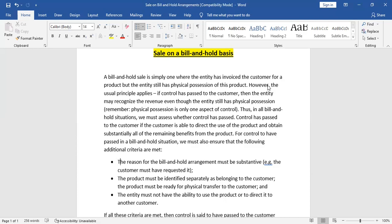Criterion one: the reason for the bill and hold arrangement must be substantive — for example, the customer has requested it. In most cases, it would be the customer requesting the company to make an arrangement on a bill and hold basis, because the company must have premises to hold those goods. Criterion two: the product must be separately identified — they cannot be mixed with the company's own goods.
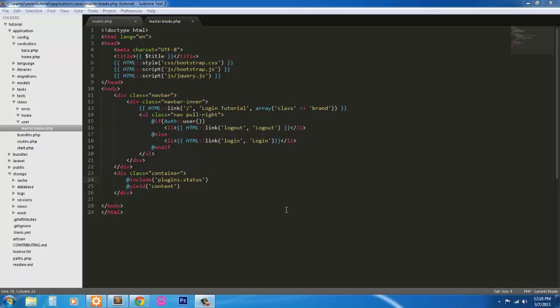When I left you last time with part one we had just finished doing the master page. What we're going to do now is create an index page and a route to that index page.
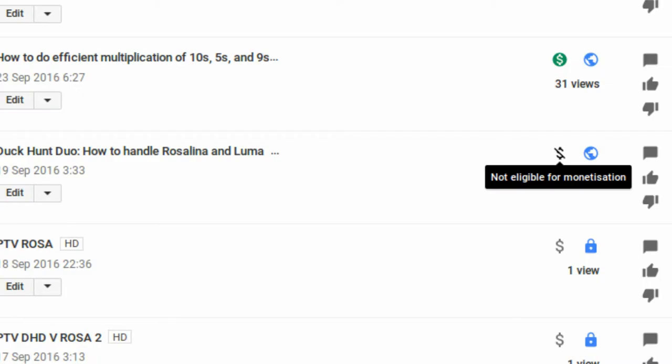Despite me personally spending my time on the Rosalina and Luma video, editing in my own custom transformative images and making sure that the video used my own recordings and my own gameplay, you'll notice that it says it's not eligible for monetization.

Task instructions » Output the material word for word, and keep the pictures out.

Answer area »
Criterion one: the reason for the bill and hold arrangement must be substantive — for example, the customer has requested it. In most cases, it would be the customer requesting the company to make an arrangement on a bill and hold basis, because the company must have premises to hold those goods. Criterion two: the product must be separately identified — they cannot be mixed with the company's own goods.
When I left you last time with part one we had just finished doing the master page. What we're going to do now is create an index page and a route to that index page.
Despite me personally spending my time on the Rosalina and Luma video, editing in my own custom transformative images and making sure that the video used my own recordings and my own gameplay, you'll notice that it says it's not eligible for monetization.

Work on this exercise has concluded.